In Africa the Hb S gene is associated with at least three haplotypes representing independent mutations.14, 15 They are the Benin haplotype, the Senegal haplotype and the Central African Republic or the Bantu haplotype found in the central west Africa, the African west coast and the Central Africa (Bantu speaking Africa) respectively. A fourth haplotype, the Asian haplotype is found in the eastern province of Saudi Arabia and central India.
It appears that the sickle cell mutation has occurred on at least three occasions in the African continent and at least once in either the Arabian Peninsula or the Central India and from the primary sites the migration to the other regions has occurred. This can explain the observation made by many investigators that there is wide spread chromosomal heterogeneity of B[[[s]]] gene cluster haplotypes in United States as compared to the homozygous condition in Africa, Arab or Asia.16 The slaves with sickle cell trait who were exported from various parts of Africa to United States had the specific B[[[s]]] gene haplotype found in their region but after arrival in US, Jamaica and Brazil, over the years there have been considerable admixture of African ethnic groups.14,17,18 Available calculations suggest that this gene has developed between 3000 and 6000 generations, approximately 70000-150000 years ago.19, 20
The existence of haplotypes specific to certain regions of the world suggests that the mutant beta globin gene arose separately in these locations.21 All of the areas in question have been or are now endemic locations of malarial infestation. This observation is consistent with the idea that the high incidence of sickle mutation in these areas is derived from natural selection.22 The mutation that produces sickle hemoglobin occurs spontaneously at a low rate. People with one sickle hemoglobin gene and one normal hemoglobin gene (sickle cell trait) are somewhat more resistant to malaria than people with two normal hemoglobin genes. The widely accepted theory is that Hb S offers selective protection against falciparum malaria probably because of induction of sickling even at physiological oxygen tension by P. falciparum followed by sequestration of parasitized red cells deep with in reticulo-endothelial system where microenvironment is hostile for parasite growth. 23, 24 Thus people with sickle cell trait would have a better chance of surviving an outbreak of malaria and passing their genes (sickle and normal hemoglobin) to the next generation when they have children. The remarkable stability of sickle gene in Africa which allows it to remain at a relatively constant level in a population without being eliminated is thought to be because of most widely accepted theory of balanced polymorphism. 25,26,27
The Senegal haplotype is represented most prominently in Senegal and in the most western regions of Africa above Niger River. The Benin haplotype designates those found in Nigeria, Benin and countries in the right of the Benin. The Bantu or CAR haplotype encompasses those haplotypes discovered in the Central African Republic and countries in south central Africa.

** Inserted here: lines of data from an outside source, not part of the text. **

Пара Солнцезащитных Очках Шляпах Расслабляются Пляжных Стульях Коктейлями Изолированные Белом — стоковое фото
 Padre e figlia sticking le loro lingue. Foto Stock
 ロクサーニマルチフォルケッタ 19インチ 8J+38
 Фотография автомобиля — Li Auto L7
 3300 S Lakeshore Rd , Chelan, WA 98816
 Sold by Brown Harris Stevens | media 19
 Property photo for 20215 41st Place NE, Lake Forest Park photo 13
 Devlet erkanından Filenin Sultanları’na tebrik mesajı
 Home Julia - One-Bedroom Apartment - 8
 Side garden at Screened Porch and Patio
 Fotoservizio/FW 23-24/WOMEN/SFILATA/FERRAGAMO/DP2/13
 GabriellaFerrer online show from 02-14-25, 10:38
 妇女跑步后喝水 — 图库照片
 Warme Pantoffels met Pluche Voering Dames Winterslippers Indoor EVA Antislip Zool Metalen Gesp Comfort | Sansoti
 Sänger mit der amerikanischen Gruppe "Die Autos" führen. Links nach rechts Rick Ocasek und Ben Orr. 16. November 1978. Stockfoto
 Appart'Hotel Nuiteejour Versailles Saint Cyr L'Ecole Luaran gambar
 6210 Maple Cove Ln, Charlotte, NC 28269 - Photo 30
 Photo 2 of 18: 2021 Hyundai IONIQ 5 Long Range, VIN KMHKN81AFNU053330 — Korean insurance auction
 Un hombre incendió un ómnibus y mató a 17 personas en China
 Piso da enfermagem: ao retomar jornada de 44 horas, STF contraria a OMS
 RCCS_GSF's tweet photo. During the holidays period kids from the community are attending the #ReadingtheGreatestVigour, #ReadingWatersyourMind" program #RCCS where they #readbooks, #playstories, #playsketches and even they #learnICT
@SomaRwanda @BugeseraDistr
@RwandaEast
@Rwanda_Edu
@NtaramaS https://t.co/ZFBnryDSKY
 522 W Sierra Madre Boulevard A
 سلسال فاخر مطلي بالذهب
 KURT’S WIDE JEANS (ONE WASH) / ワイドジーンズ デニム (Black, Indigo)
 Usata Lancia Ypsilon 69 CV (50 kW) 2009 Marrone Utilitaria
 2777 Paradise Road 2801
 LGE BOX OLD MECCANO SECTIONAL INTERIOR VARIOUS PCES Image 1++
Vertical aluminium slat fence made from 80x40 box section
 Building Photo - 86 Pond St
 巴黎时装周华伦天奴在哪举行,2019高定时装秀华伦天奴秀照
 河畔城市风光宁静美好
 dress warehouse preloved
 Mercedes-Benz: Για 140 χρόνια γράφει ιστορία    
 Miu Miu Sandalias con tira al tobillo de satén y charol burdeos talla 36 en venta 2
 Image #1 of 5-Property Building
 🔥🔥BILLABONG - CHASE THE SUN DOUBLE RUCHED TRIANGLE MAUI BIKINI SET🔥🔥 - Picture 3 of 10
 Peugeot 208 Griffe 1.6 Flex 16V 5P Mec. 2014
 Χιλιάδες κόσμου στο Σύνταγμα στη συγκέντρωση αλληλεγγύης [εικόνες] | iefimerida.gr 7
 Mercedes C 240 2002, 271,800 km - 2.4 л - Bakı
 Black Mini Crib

The existence of identical haplotypes in India and in the Persian Gulf region lacks an obvious explanation. Sickle cell disease in India exists mainly in tribal populations, who to this day remain relatively isolated from the mainstream of the society. The likelihood is low that an influx of a sickle cell gene from outside India occurred to a degree to account for rates of heterozygosity that reach up to 35% in some tribes. Although current information precludes a conclusive answer, gene flow from India to the Persian Gulf area through commerce and migration seems the more likely scenario.
Interestingly, there are small pockets of sickle genes of the African haplotypes in the regions along India's western coast. Sickle cell disease here exists in the descendants of African people who came to India during the mogul period, often as “praetorian guards” for the Indian princes.